** Directions for this task **
Only the lines running from the one with "Amelia Island Plantation" to the end of the listing should be returned, each exactly as it appears, with both ends kept.

** Recorded data **
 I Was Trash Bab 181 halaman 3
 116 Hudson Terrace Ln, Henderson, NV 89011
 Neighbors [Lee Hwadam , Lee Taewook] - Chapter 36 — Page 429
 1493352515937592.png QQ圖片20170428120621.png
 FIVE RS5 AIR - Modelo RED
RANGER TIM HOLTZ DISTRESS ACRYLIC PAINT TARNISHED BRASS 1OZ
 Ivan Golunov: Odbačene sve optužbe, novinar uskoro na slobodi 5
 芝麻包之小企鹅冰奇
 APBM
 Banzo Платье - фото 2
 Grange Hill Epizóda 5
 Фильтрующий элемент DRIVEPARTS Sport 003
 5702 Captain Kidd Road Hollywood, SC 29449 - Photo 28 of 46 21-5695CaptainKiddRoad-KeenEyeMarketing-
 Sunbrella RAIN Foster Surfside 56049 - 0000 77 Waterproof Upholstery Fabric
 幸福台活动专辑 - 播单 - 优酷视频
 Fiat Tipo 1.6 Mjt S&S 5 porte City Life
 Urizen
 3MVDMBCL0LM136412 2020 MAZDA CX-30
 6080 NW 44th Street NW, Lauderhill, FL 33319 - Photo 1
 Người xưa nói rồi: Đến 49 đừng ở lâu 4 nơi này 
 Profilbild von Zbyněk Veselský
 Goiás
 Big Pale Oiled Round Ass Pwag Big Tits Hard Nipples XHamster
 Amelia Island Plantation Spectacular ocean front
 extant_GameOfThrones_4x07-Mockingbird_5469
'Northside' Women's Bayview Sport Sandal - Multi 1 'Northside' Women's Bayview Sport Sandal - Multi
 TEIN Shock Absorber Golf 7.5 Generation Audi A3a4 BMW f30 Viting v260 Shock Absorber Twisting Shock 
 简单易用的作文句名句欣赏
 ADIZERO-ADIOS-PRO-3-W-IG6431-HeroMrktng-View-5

** Answer for the task **
 Amelia Island Plantation Spectacular ocean front
 extant_GameOfThrones_4x07-Mockingbird_5469
'Northside' Women's Bayview Sport Sandal - Multi 1 'Northside' Women's Bayview Sport Sandal - Multi
 TEIN Shock Absorber Golf 7.5 Generation Audi A3a4 BMW f30 Viting v260 Shock Absorber Twisting Shock 
 简单易用的作文句名句欣赏
 ADIZERO-ADIOS-PRO-3-W-IG6431-HeroMrktng-View-5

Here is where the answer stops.